Below is a listing; restate from it, character for character, the lines beginning at the line holding "Holds 3.4 pounds" and ending at the line holding "You can view", both included.

Record excerpts -
⁂
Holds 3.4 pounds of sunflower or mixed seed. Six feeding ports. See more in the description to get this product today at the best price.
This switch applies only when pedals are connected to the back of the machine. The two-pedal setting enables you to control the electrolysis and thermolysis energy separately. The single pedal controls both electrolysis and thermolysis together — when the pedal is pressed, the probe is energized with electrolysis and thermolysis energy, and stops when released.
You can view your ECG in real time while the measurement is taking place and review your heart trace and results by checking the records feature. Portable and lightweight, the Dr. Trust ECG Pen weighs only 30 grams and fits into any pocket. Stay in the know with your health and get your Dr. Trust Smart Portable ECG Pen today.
⁂
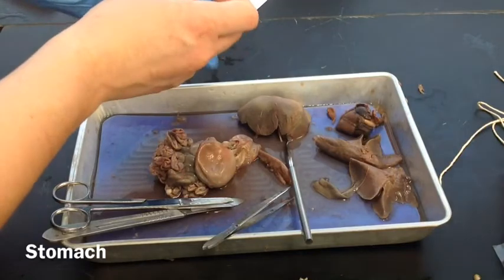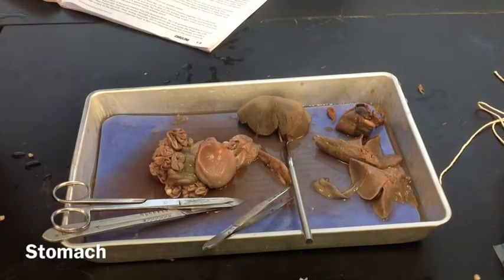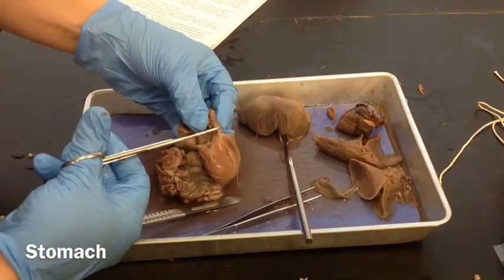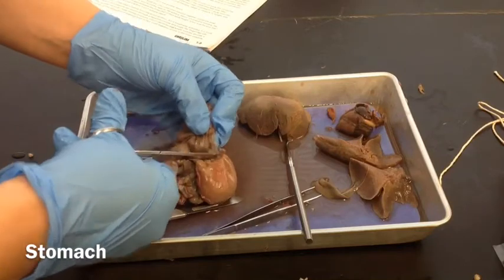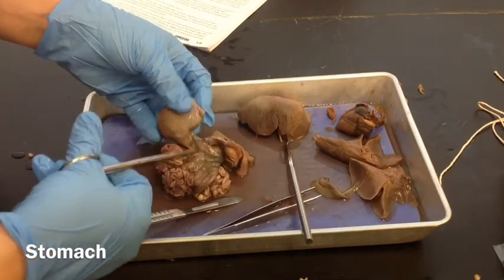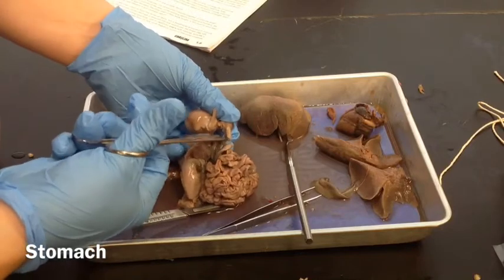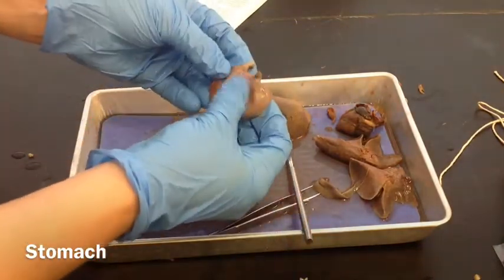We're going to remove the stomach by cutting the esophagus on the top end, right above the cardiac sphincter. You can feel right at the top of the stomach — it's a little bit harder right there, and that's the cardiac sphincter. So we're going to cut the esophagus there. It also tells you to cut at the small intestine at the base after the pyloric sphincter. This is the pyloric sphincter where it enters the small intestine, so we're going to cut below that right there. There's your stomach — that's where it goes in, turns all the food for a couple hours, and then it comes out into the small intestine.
⁂
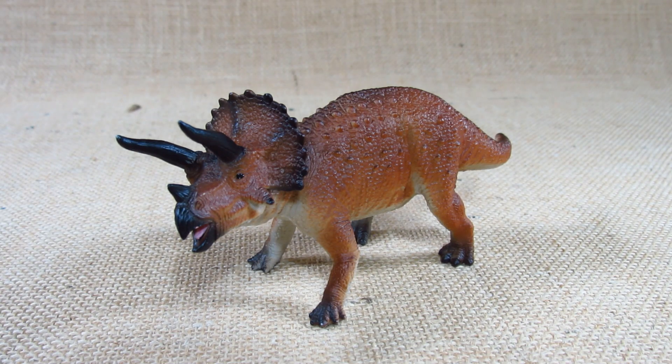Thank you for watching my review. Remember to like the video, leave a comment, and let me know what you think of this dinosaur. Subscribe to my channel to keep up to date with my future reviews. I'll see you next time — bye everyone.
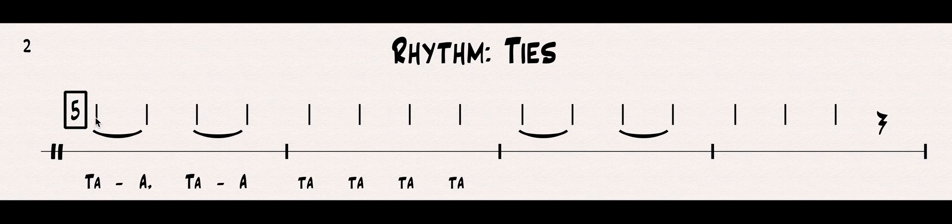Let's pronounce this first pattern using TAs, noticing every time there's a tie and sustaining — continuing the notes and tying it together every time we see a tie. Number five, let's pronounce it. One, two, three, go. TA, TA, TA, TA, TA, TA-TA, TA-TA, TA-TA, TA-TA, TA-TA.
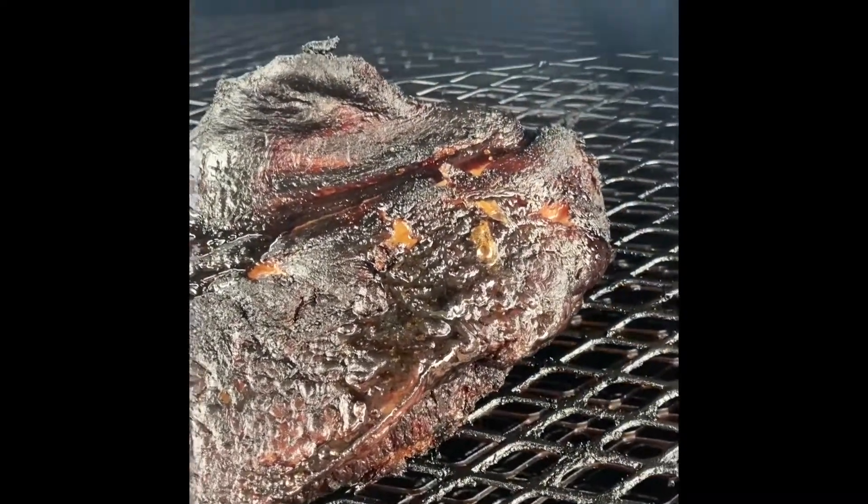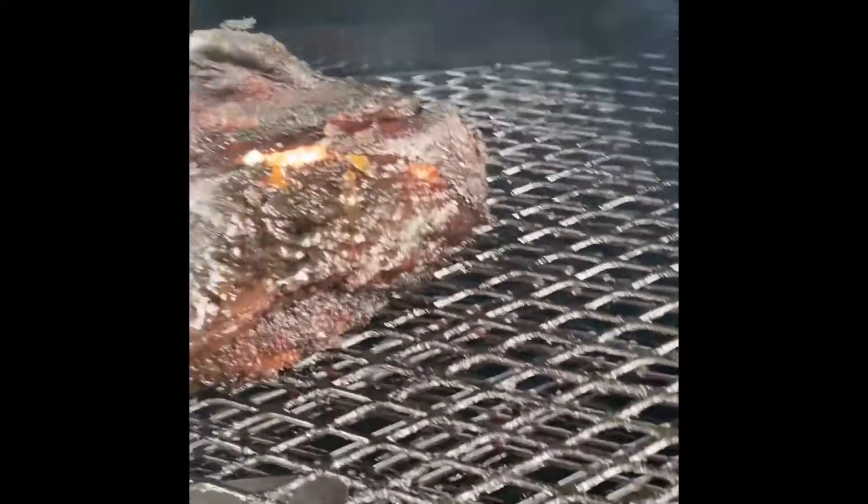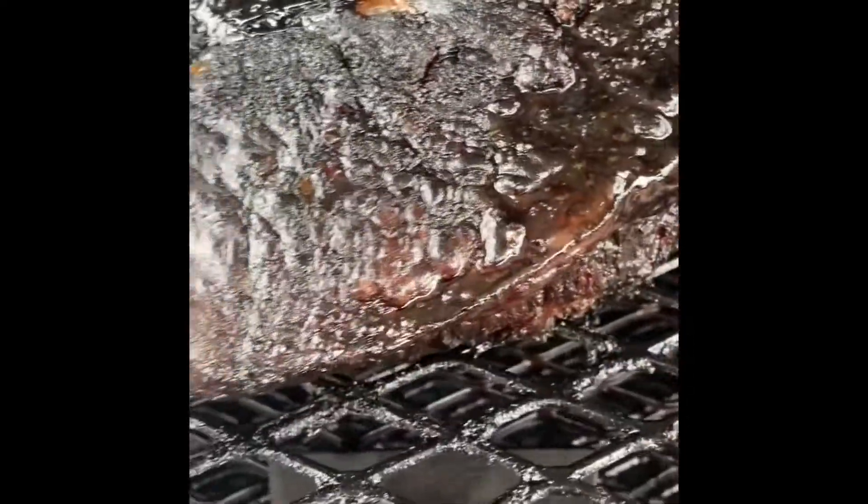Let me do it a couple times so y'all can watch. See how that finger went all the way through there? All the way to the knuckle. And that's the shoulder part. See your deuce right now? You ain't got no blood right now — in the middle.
⁂
Exercise solution -
Holds 3.4 pounds of sunflower or mixed seed. Six feeding ports. See more in the description to get this product today at the best price.
This switch applies only when pedals are connected to the back of the machine. The two-pedal setting enables you to control the electrolysis and thermolysis energy separately. The single pedal controls both electrolysis and thermolysis together — when the pedal is pressed, the probe is energized with electrolysis and thermolysis energy, and stops when released.
You can view your ECG in real time while the measurement is taking place and review your heart trace and results by checking the records feature. Portable and lightweight, the Dr. Trust ECG Pen weighs only 30 grams and fits into any pocket. Stay in the know with your health and get your Dr. Trust Smart Portable ECG Pen today.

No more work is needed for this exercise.